* **TASK DIRECTIONS**:
What you return should be the entries, unchanged, without their pictures.

─── GIVEN DATA ───

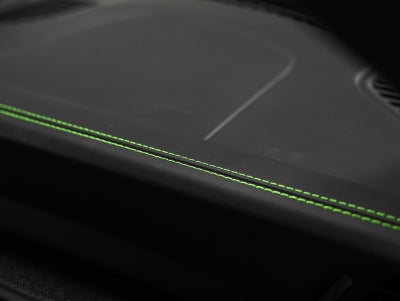 2023 Porsche 911 GT3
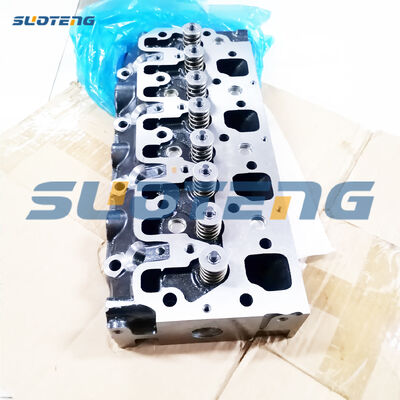 308-1859 3081859 Đầu xi lanh Assy cho động cơ C2.2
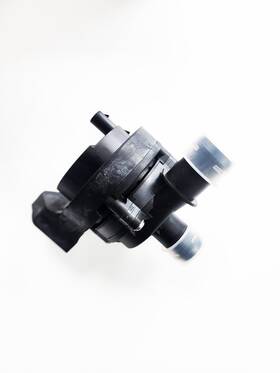 29671-2gtb1 Hyundai Oem Replacement Electronic Water Pump Assy For Elantra N Veloster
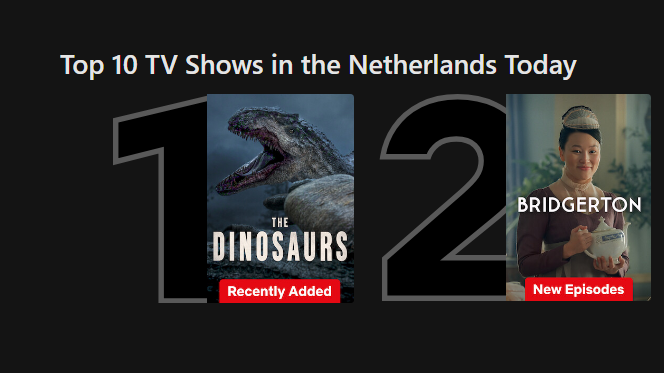 Evolution Square tweet media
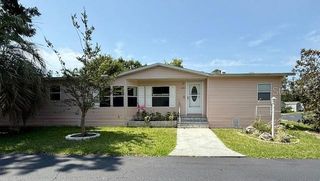 18062 CARROLWOOD DRIVE, Brooksville, FL 34604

───

* **PROBLEM SOLUTION**:
 2023 Porsche 911 GT3
 308-1859 3081859 Đầu xi lanh Assy cho động cơ C2.2
 29671-2gtb1 Hyundai Oem Replacement Electronic Water Pump Assy For Elantra N Veloster
 Evolution Square tweet media
 18062 CARROLWOOD DRIVE, Brooksville, FL 34604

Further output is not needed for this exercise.